Several judges in the majority tried to go even further in concurring opinions. Most notably, Trump judge Bush suggested that in his view, the “result would be the same” and the law would be valid even if it banned all abortions motivated in part by Downs syndrome concerns, regardless of doctors’ knowledge, based on the “original meaning” of the Constitution and Supreme Court precedent.

Seven judges strongly dissented, including two (Julia Smith Gibbons and Helene White) nominated by President George W Bush. All joined a dissent by Judge Bernice Donald, who carefully explained that Casey had actually “reaffirmed” the right to choose abortion before viability, which was violated by Ohio’s “unconstitutional ban.” Even under the “substantial burden” test, Donald went on, the record showed that the Ohio law was likely to impose such a burden by causing a woman to “conceal her medical records or history” and “forego” important education and counseling if she believes “her fetus has Downs syndrome,” and by “forcibly reaching into” the confidential doctor-patient relationship and requiring women to “be silent” or “lie.”

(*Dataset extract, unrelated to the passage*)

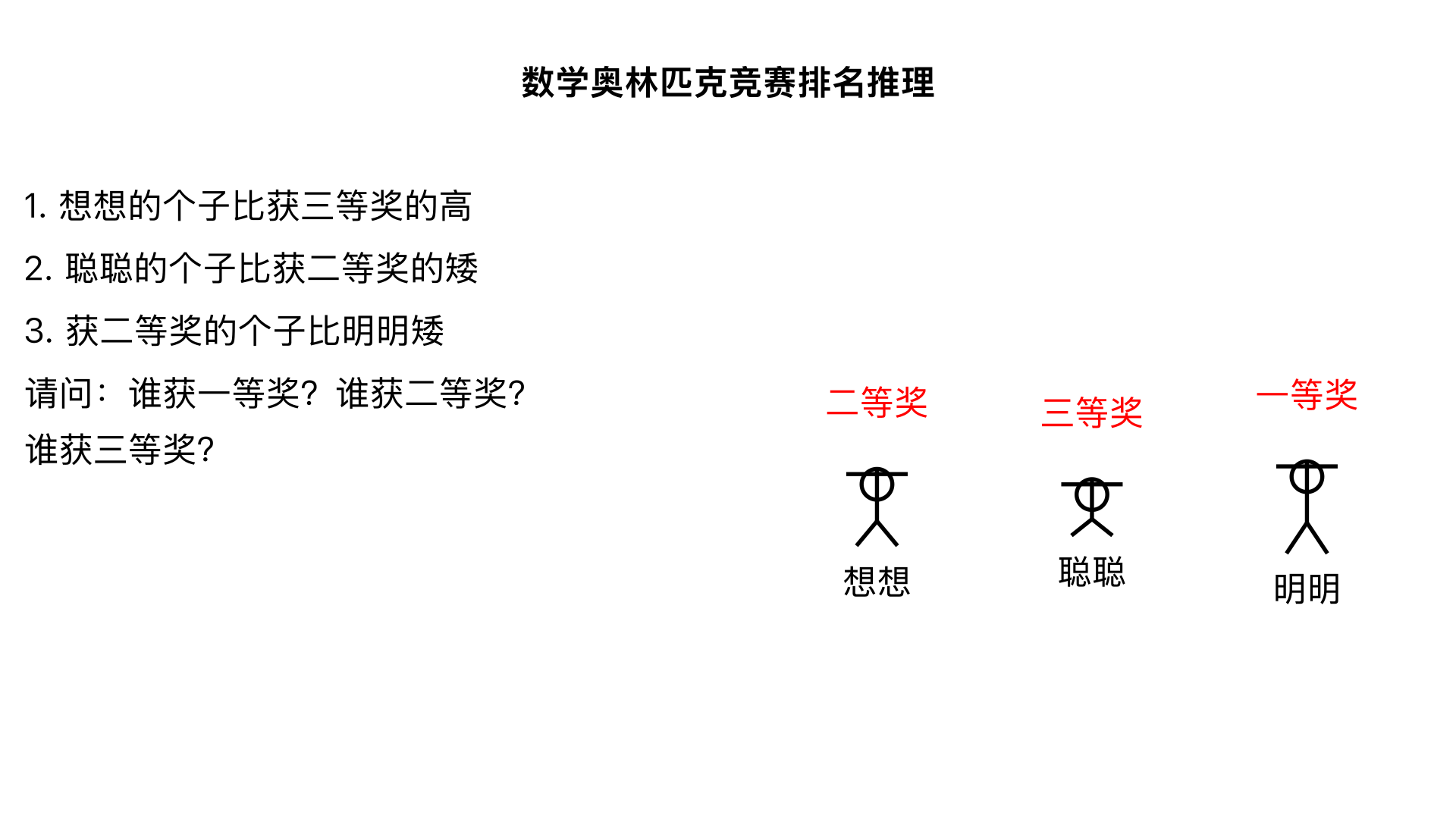 在二年级的一次数学奥林匹克竞赛中,聪聪、明明、想想三个同学,分别获得一等奖、二等奖和三等奖。现在知道想想的个子比获三等奖的高、聪聪的个子比获二等奖的矮，获二等奖的个子比明明矮，请判断谁获一等奖?谁获二等奖?谁获三等奖?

As to the state’s claimed interests, Donald continued, the record suggested little evidence to support them. On the contrary, she went on, the record indicated that Ohio was “politicizing” and not benefiting the Downs syndrome community, particularly in light of the remarkable suggestion in the state’s reply brief that it would provide resources and support “only if there are enough” people with Downs syndrome to “merit addressing the ‘problem.’” Nor was there evidence of doctors seeking to coerce abortion in cases of Downs syndrome or medical ethics problems, issues that Donald explained would be better addressed through education and enforcement of the state’s “preexisting ethical obligations” on physicians. In short, Donald concluded, the majority “renounces” the rule of law and shows clear “hostility to the right Roe and Casey secured.”

As Judge Karen Nelson Moore noted, the majority’s opinion “betrays the elephant in the courtroom:” many current appellate court judges “do not believe that the right to abortion should exist.” That is clearly true with respect to Judges Bush, Thapar, Larsen, Nalbandian, Readler, and many other Trump judges around the country. And it underlines the importance of our fight to promptly confirm as many fair-minded Biden nominees with a demonstrated commitment to equality and justice for all as possible to vacancies on our federal courts.